# Education for children under 5



## grosvenorwalker (May 20, 2011)

Hi

I may have the opportunity to move to Canada to work (Ontario) in the next few months. I see this initially as a 3 to 5 year opportunity and therefore keen to ensure that I could move back to the UK in due course without too much long term disruption to my children and family!

I have loads of questions which I hope to find answers to on this forum but the one pressing area that I could do with help on now relates to children. I have 3 children, all under 5. The eldest is due to start school in September in the UK just before her 5th birthday, our middle child is 3 at a nursery in the UK, the youngest 1 and just at home.

My research indicates that Canadian schools whilst great start later than UK schools and that if we moved the eldest would go into Kindergarten / Primary this year but there would be nothing for our middle child for another year. Also, children entering school in the UK at 5 start on the journey to reading and writing whilst our research indicates that at the equivalent stage in Canada the curriculum is more basic (learning letters, basic numbers to 20 etc). 

Has anyone any information on this as we are concerned that if we move to Canada and then return to the UK that our children will be very much behind others at school. Also, I am just not sure what children do before Kindergarten in Canada - is it just playing with friends, structured activities (Etc) or are there other options for ex pats e.g. some sort of international equivalent to the UK system that they could join.

In hope of any answer or two.....!


----------



## Lindavid6 (Nov 7, 2010)

grosvenorwalker said:


> Hi
> 
> I may have the opportunity to move to Canada to work (Ontario) in the next few months. I see this initially as a 3 to 5 year opportunity and therefore keen to ensure that I could move back to the UK in due course without too much long term disruption to my children and family!
> 
> ...


I have 3 kids about the same age as yours, I will give you my opinion based on them. My 5 year old attends all day Senior Kindergarten at a Toronto Catholic School, whilst the curriculum may not be as "advanced" as the UK at that age. I believe that the overall general level of education here is clearly higher than the UK. My 5 year old can count way beyond 20 and has made great strides in understanding letters and reading, his writing has improved dramatically as well, so I am generally very pleased with his progress his interaction with other children has also improved. My 3 year old will start all day junior Kindergarten in September so I can only hope he shows the same improvement. What I do like is that they teach real world skills from early age here, my 5 year old does regular "show and tell" sessions which will clearly help him with presentations and public speaking in years to come, I wish they had done that when I was at school in the UK.

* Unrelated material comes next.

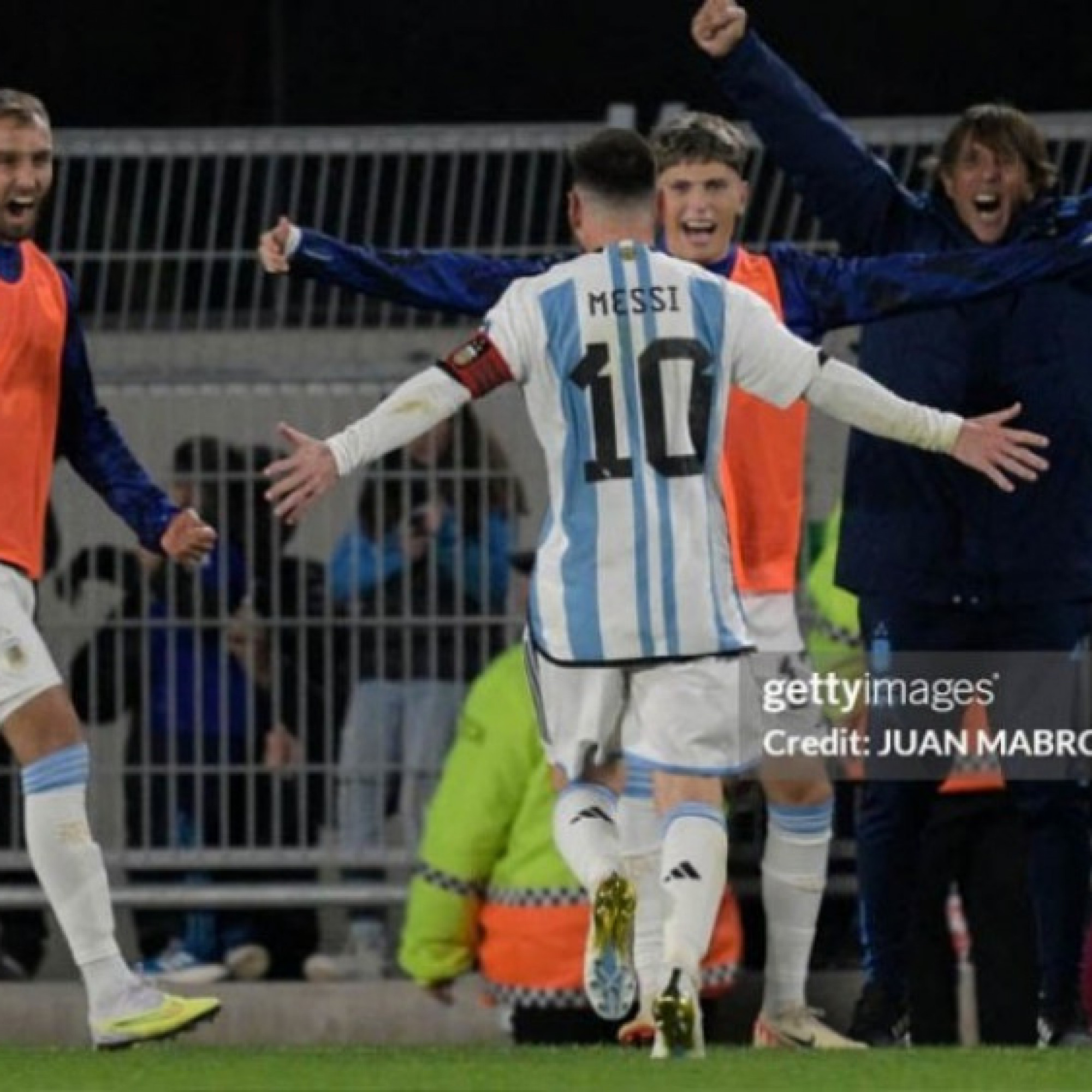  - Argentina triệu tập 55 cầu thủ chuẩn bị cho World Cup: Bất ngờ Garnacho sát cánh Messi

Generally the level of education here is extremely high and the young people who I have been exposed to seem extremely intelligent and very self confident, its not just about exams or tests at an early age here. I think your kids will be just fine and will not be behind at all, they will also have a more rounded set of skills to UK children. None of my expat friends can find fault with the education system here either.


----------



## grosvenorwalker (May 20, 2011)

Thanks so much for taking the trouble to reply. I was especially interested to hear about the set up for your 3 year old. I feel a bit better about this issue now.


----------